┌──
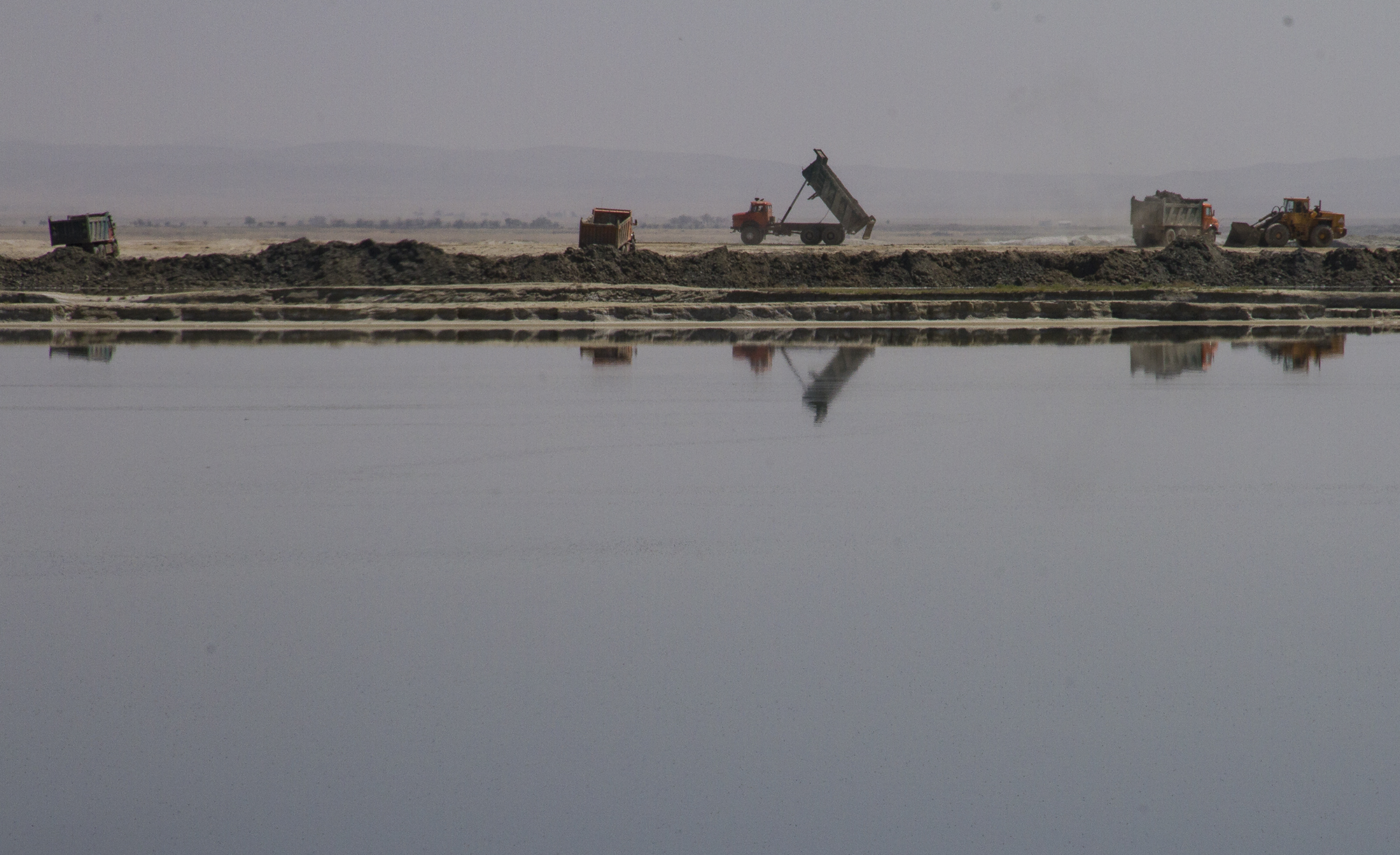 Far shore of lake with a distant excavator (photo: Qantara)
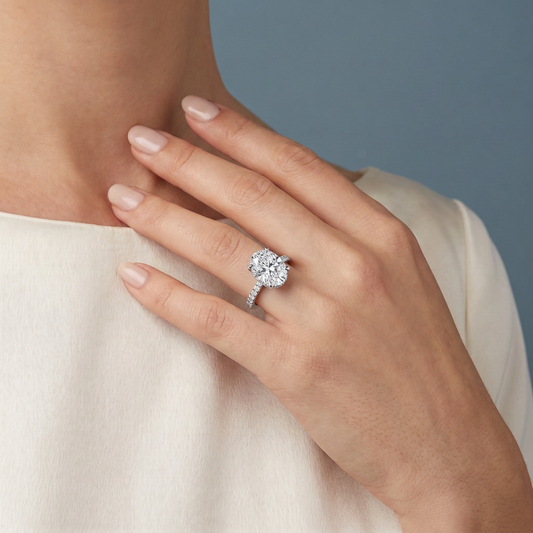 Platinum Oval Cut Diamond Hidden Halo Ring with Pave Shank - worn close-up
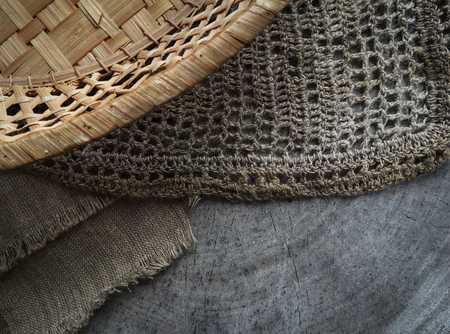 Background from cross section of tree trunk, natural linen napkins and a straw basketの写真素材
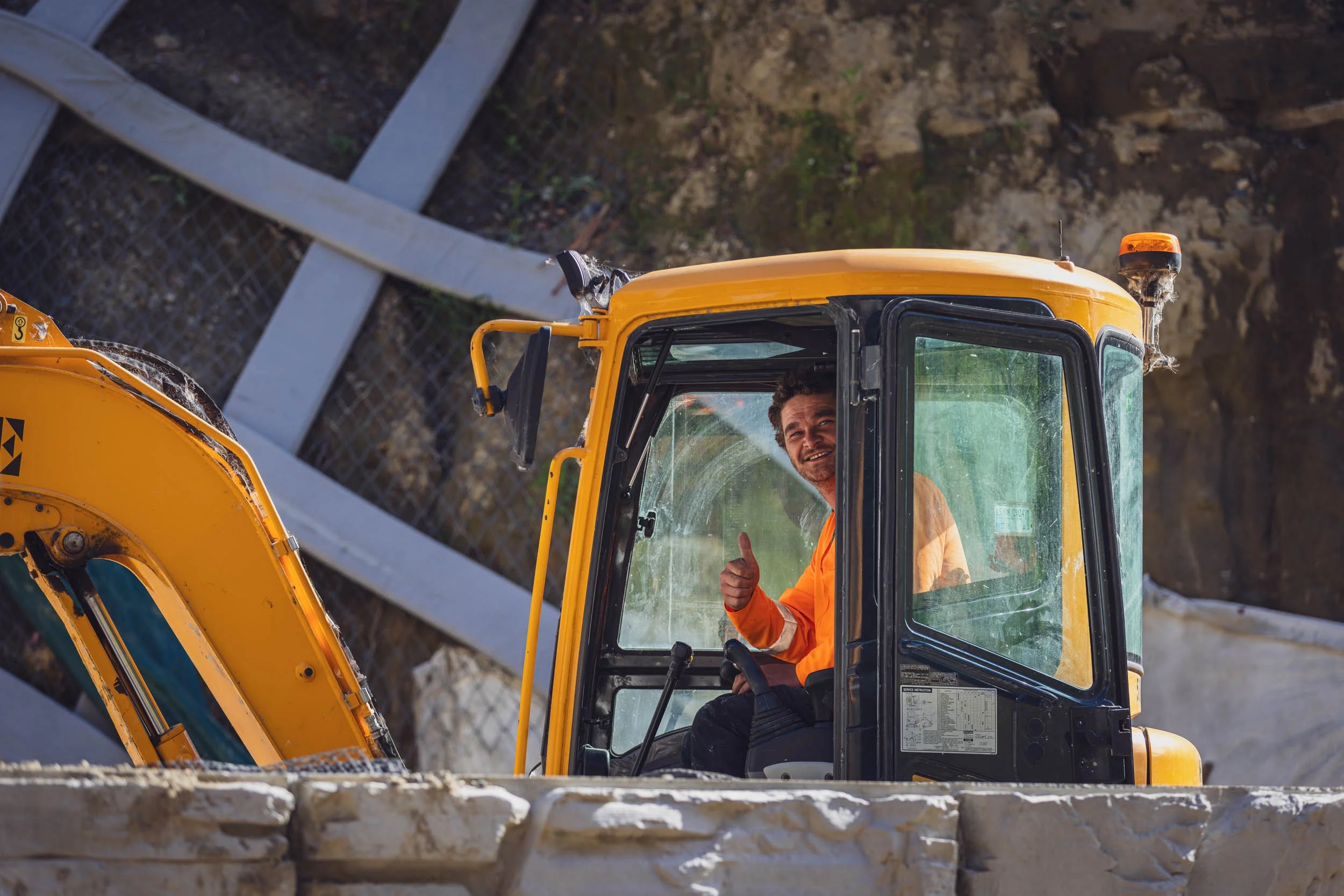 A construction worker giving the thumbs up whilst sat in a yellow excavator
└──
__ABOUT THIS EXERCISE__.
Please write out the lines from the one that holds "Platinum Oval Cut" through the end of the material, both ends included, exactly and with no pictures.

__EXERCISE RESULT__.
 Platinum Oval Cut Diamond Hidden Halo Ring with Pave Shank - worn close-up
 Background from cross section of tree trunk, natural linen napkins and a straw basketの写真素材
 A construction worker giving the thumbs up whilst sat in a yellow excavator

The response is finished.